##### Data under study

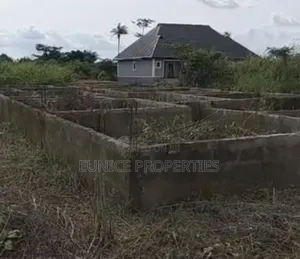 50/100 Available for Sales at Uhoro Community Off Sapele Road Bypass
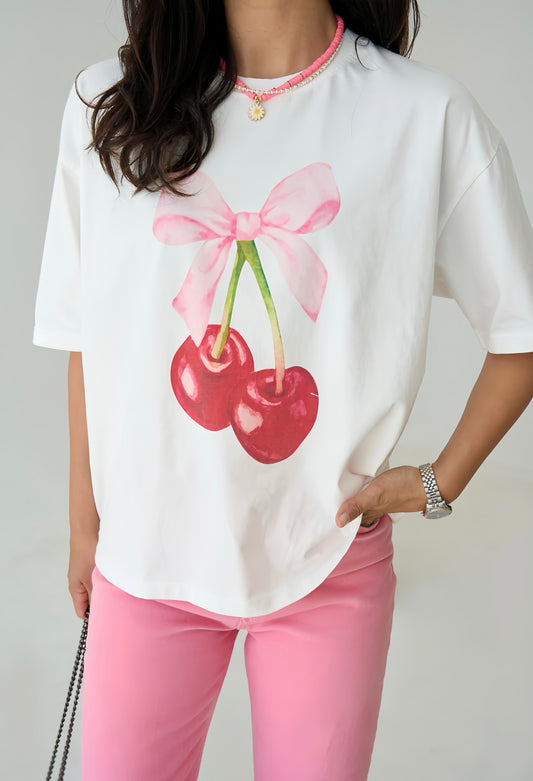 Cherry Shirt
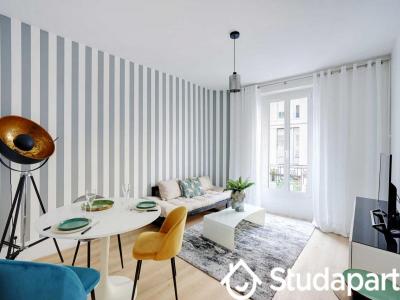 Location Appartement 2 pièces PARIS-17EME-ARRONDISSEMENT 75017
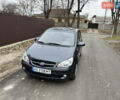 Серый Хендай Гетц, объемом двигателя 1.6 л и пробегом 190 тыс. км за 6000 $, фото 1 на Automoto.ua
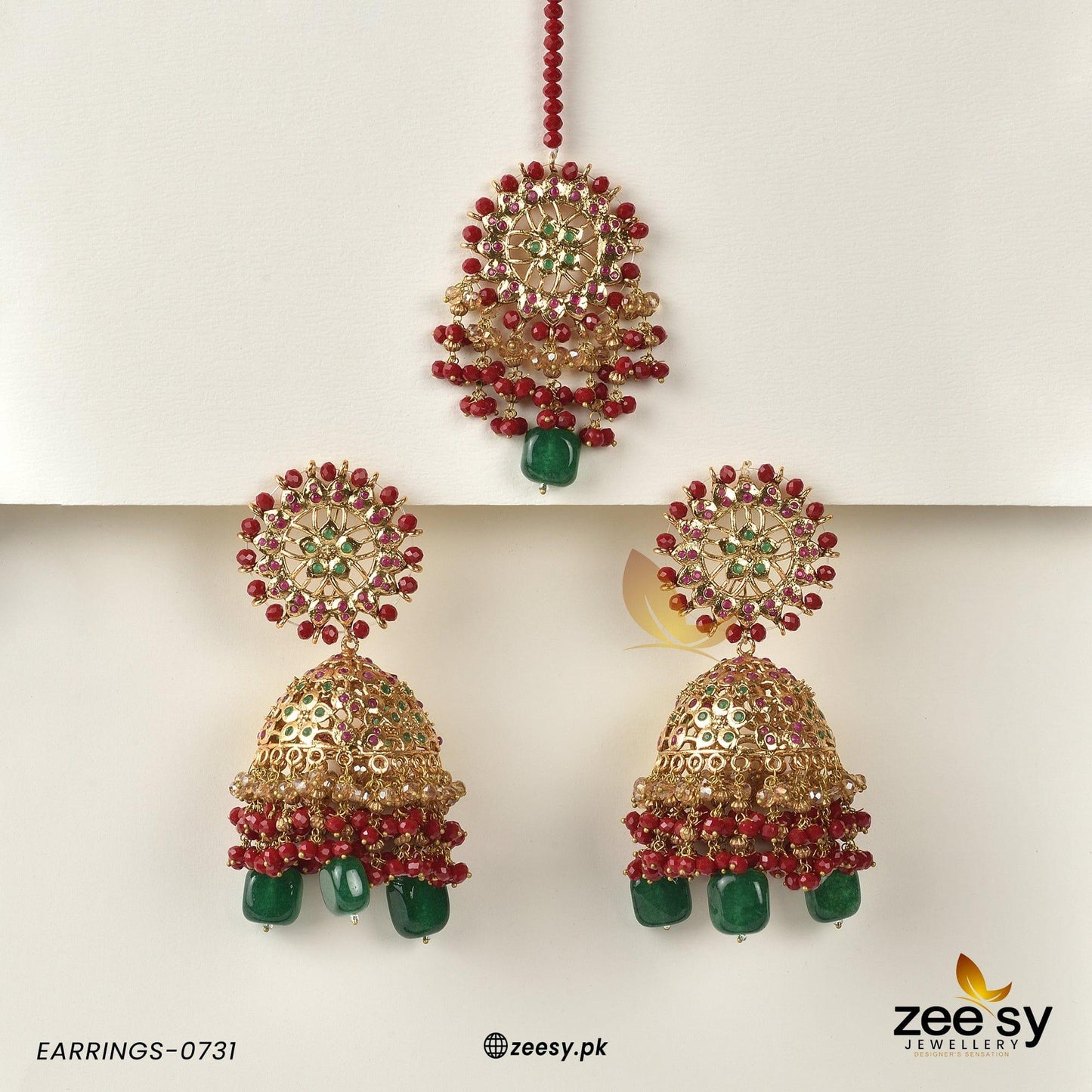 Earrings-0731 - Libasekhas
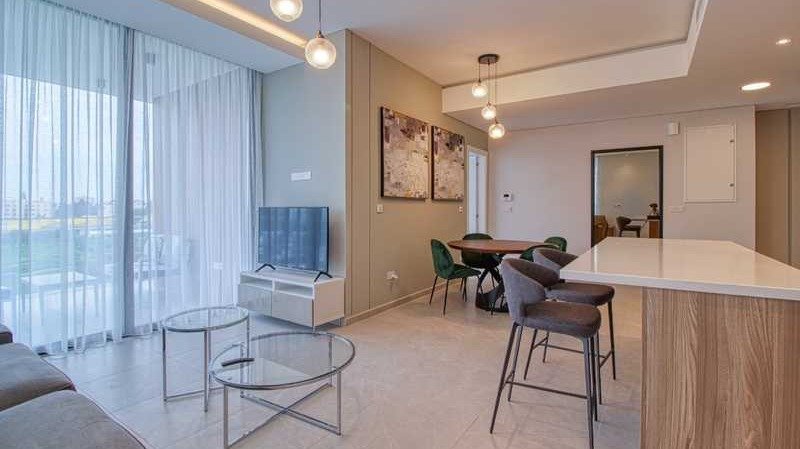 Modern 2-Bedroom Penthouse in Potamos Germasogeias, Limassol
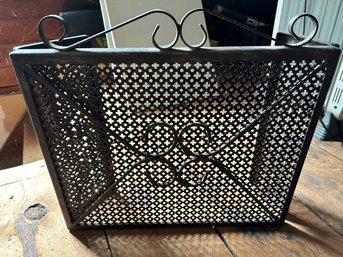 Fireplace Screen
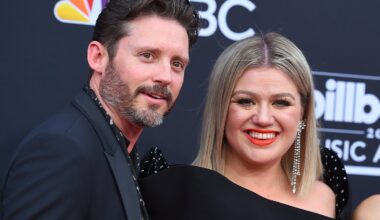 Brandon Blackstock, Kelly Clarkson’s ex-husband and former manager, dies at 48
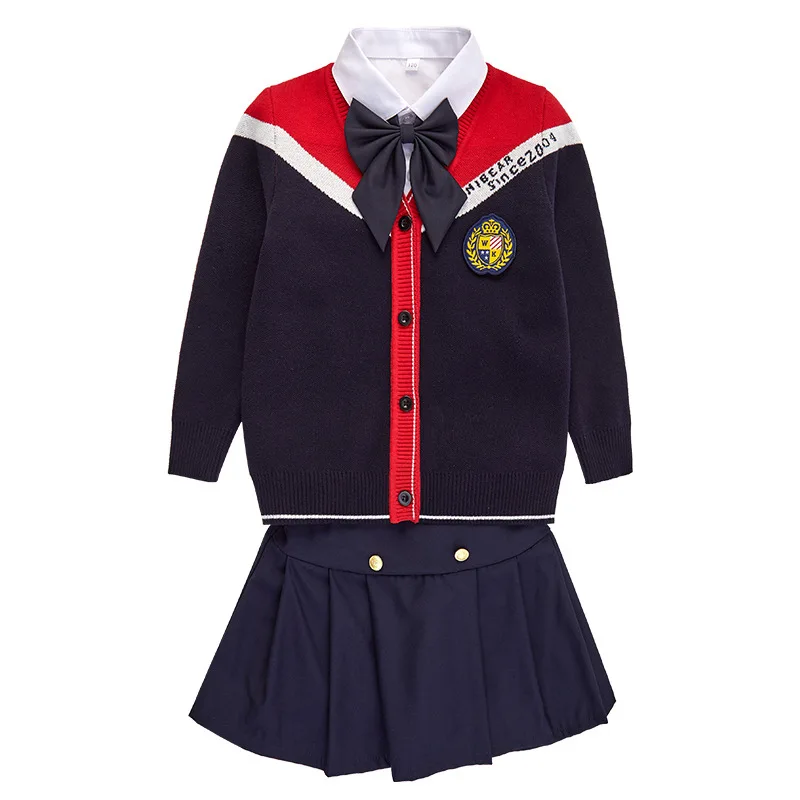 Custom Embroided School Uniforms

##########

### Problem statement
Where the line containing "Серый Хендай Гетц, объемом" appears, begin copying there and continue exactly through the final line of the records; both end lines belong in the copy, pictures do not.

### Response to the task
 Серый Хендай Гетц, объемом двигателя 1.6 л и пробегом 190 тыс. км за 6000 $, фото 1 на Automoto.ua
 Earrings-0731 - Libasekhas
 Modern 2-Bedroom Penthouse in Potamos Germasogeias, Limassol
 Fireplace Screen
 Brandon Blackstock, Kelly Clarkson’s ex-husband and former manager, dies at 48
 Custom Embroided School Uniforms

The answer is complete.